I am good that weekend too [smiley=alcholic.gif]


----------



## phishphood

I'm on-call at work, but I could probably make it.


----------



## phishphood

> the weekend of April 26-27 would be good.
> 
> 
> 
> which is coincidentally my 40th birthday  and the only weekend I could make it.  I hear there is another forum member turning the big 40 around that time too :
Click to expand...

40 huh? Wow, that's old.


----------



## MATT

> the weekend of April 26-27 would be good.
> 
> 
> 
> which is coincidentally my 40th birthday  and the only weekend I could make it.  I hear there is another forum member turning the big 40 around that time too :
Click to expand...

Tony, There has been some talk of a senior rally...


----------



## ucfsae81

in a few more years the future gheenoes will all be wheel chair accesible


----------



## Guest

I just checked my social calender and I have a conflict for the weekend of the 26th / 27th. i could probably make the first weekend in May, otherwise I'll let the old farts fish. [smiley=1-biggrin.gif]


----------



## brew1891

> I just checked my social calender and I have a conflict for the weekend of the 26th / 27th.  i could probably make the first weekend in May, otherwise I'll let the old farts fish. [smiley=1-biggrin.gif]


old people have social calendars? ;D


----------



## Guest

> I just checked my social calender and I have a conflict for the weekend of the 26th / 27th. i could probably make the first weekend in May, otherwise I'll let the old farts fish. [smiley=1-biggrin.gif]
> 
> 
> 
> old people have social calendars? ;D
Click to expand...

Hummmmmmm. Problem is I should have said "I checked my daughters social calender". That's what makes us old. ;D ;D ;D But then you'll learn in time.


----------



## costefishnt

Jason, I could use your help.

everybody else, I would really like this to be sooner than later, and as well I want the best weekend in which MOST of you can show up. I would really like to see at least 20 anglers, but understandably we all have lives and families that dictate our weekend get aways.

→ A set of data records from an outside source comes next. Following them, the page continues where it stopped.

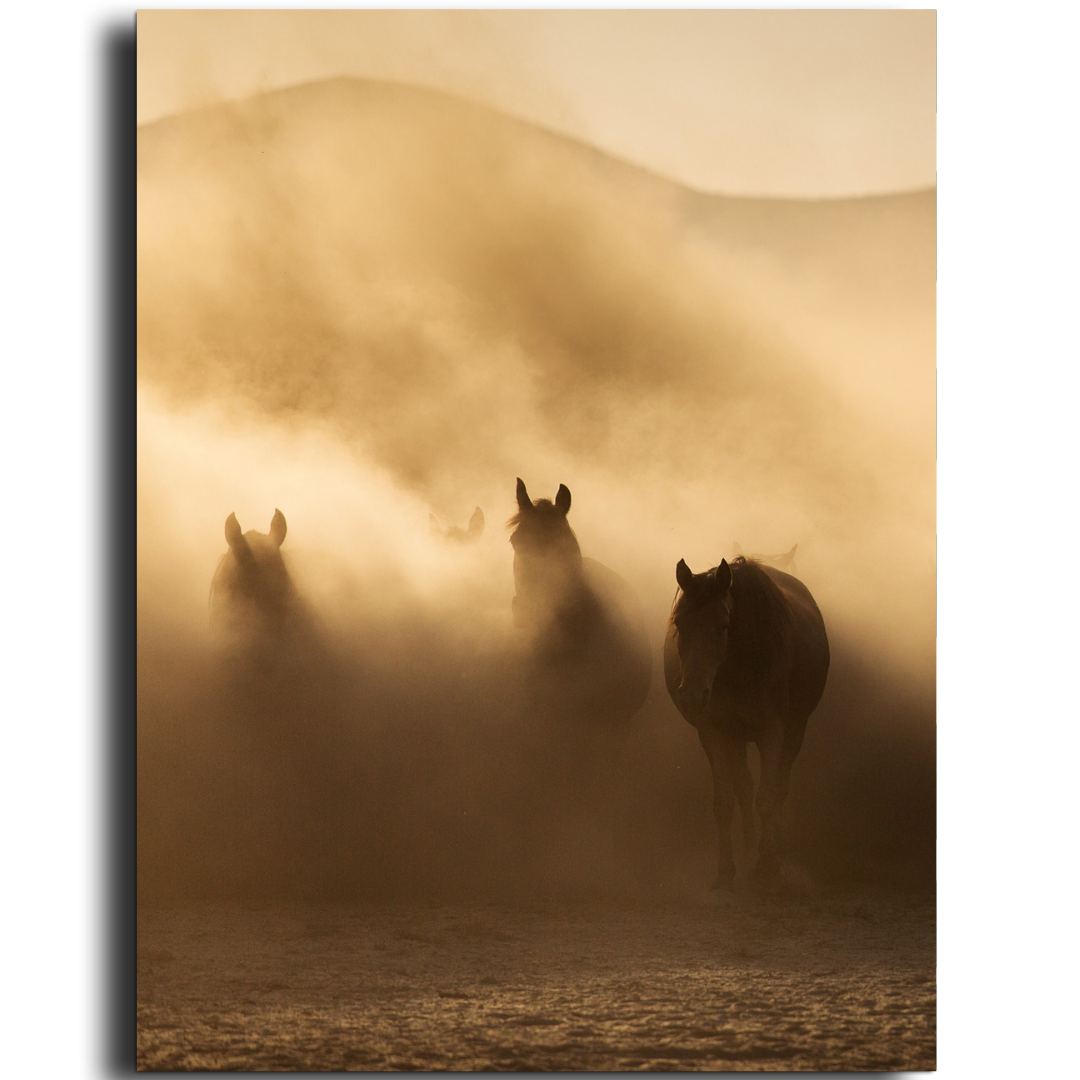 Tableau décoratif - Danse Sauvage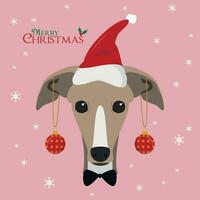 Natal cumprimento cartão. galgo cachorro com vermelho papai noel chapéu e Natal brinquedo bolas vetor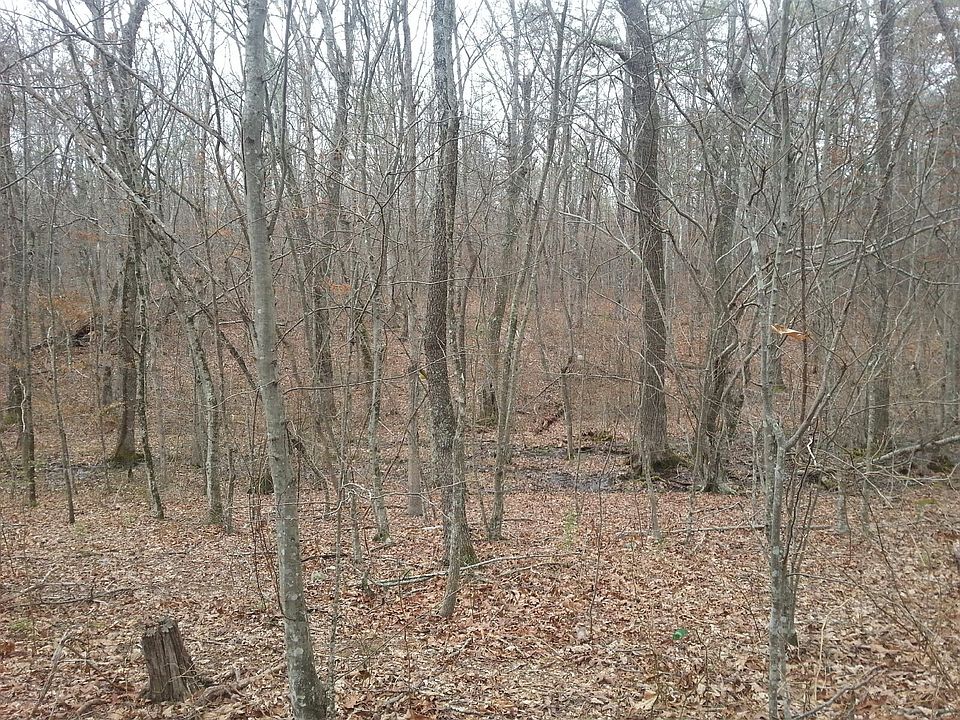 2nd image of Wolf Bridge Rd. Graysville Tn #37338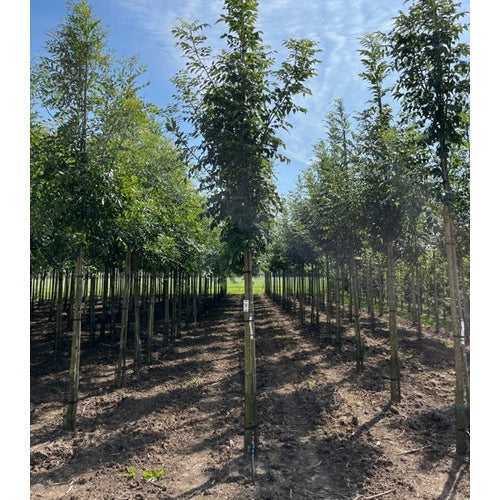 Ask - Fraxinus excelsior &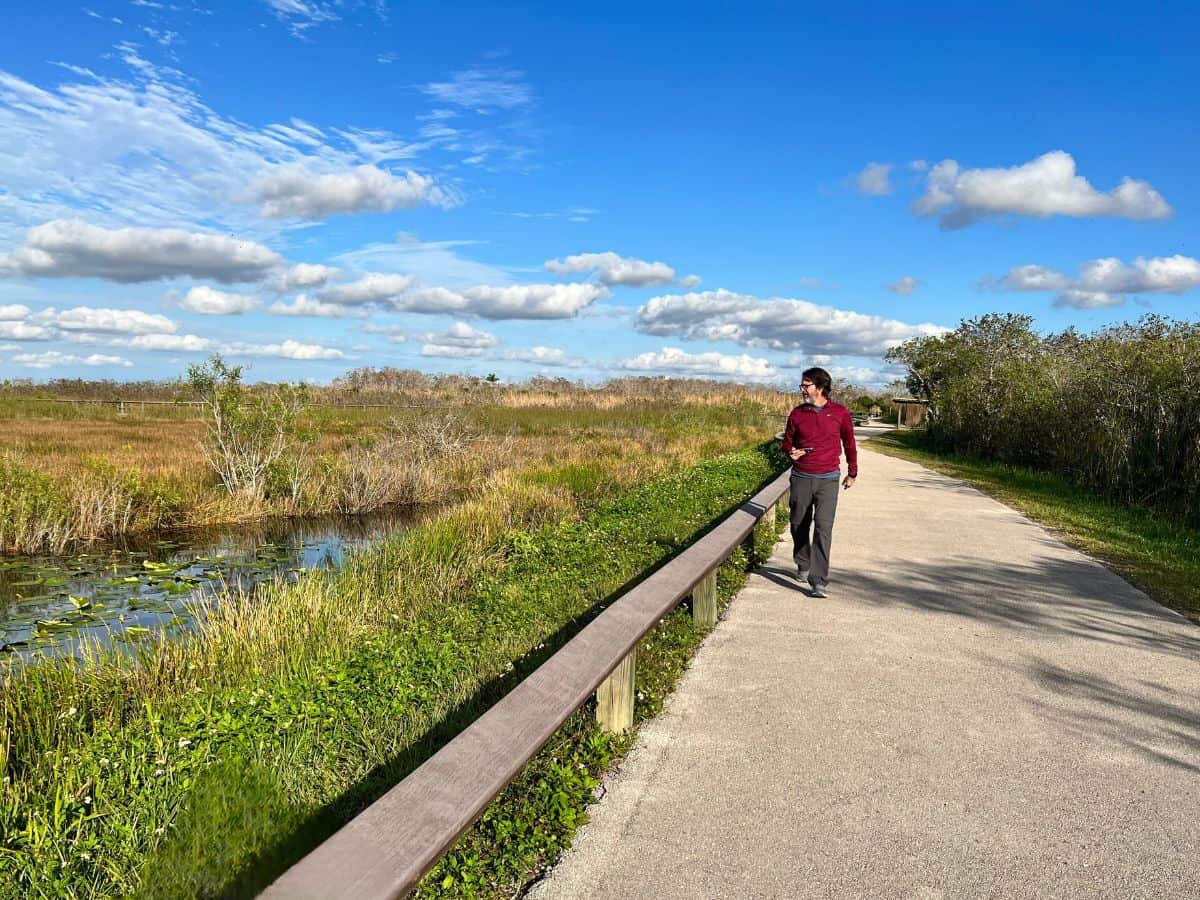 A man hikes a paved path in the Everglades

this will need to be hammered out by the first of next week, and I will get with Jason before hand as well as a very OLD friend, (Not that i have known him long he is just OLD)  dat would be you cap'n ron! and also need to get with Tom on his return from where ever he is going this weekend

I do not expect nor do i wish this to be a Brandon type tourney, just a way to make the family a couple bucks so they can at least not worry about gas, and food while they are traveling back and fourth to O-Town.

Thanks guys....


----------



## tom_in_orl

I am still in town. You can call me today if needed.


----------



## deerfly

post a date once its confirmed. I will try to make it over with my kids as I have that "baseball" conflict thingy too, but will send the entry fee whether we can be there or not. - eric


----------



## Garry

Sounds like fun.... where at?? t-ville? goon??


----------



## orlgheenoer

count me and Danielle in 

I vote Lagoon with JB's in the plan


----------



## costefishnt

> count me and Danielle in
> 
> I vote Lagoon with JB's in the plan


ok. date?


----------



## Guest

> count me and Danielle in
> 
> 
> 
> ... date?
Click to expand...


With Tanner or Danielle? : : :


----------



## newbie_dave

I'm in as long as there is no baseball for me either.


----------



## costefishnt

> count me and Danielle in
> 
> 
> 
> ... date?
> 
> Click to expand...
> 
> 
> With Tanner or Danielle? : : :
Click to expand...


you are about as sharp as a bowling ball aint ya?

Danielle


----------



## orlgheenoer

HAHA curtis

not the weekend of April 12th


----------



## costefishnt

> HAHA curtis
> 
> not the weekend of April 12th


ok then...what weekend?


----------



## orlgheenoer

Will check with the lady


----------



## phishphood

> Will check with the lady


Spoken like a real man.


----------



## backwaterbandits

He's learnin' quick!


----------



## orlgheenoer

June 7th???


----------



## tojo

Well, my b-day is the 27th and Im off that weekend. Sounds like a good excuse for:


----------



## orlgheenoer

4 years and 4 months till I give a hoot about your alcohol consumption


----------



## St._Sophie_Girl

2 months and 3 days till I do!!!!

Tony, you're gonna owe me a shot!


----------



## costefishnt

sorry ron.

APRIL 26th

done. 

Jason, lets get together this week one night, somewhere between here and there, have a beer and hash out some details...times a waistin slacker!


----------



## Guest

> sorry ron.
> 
> APRIL 26th
> 
> done.
> 
> Jason, lets get together this week one night, somewhere between here and there, have a beer and hash out some details...times a waistin slacker!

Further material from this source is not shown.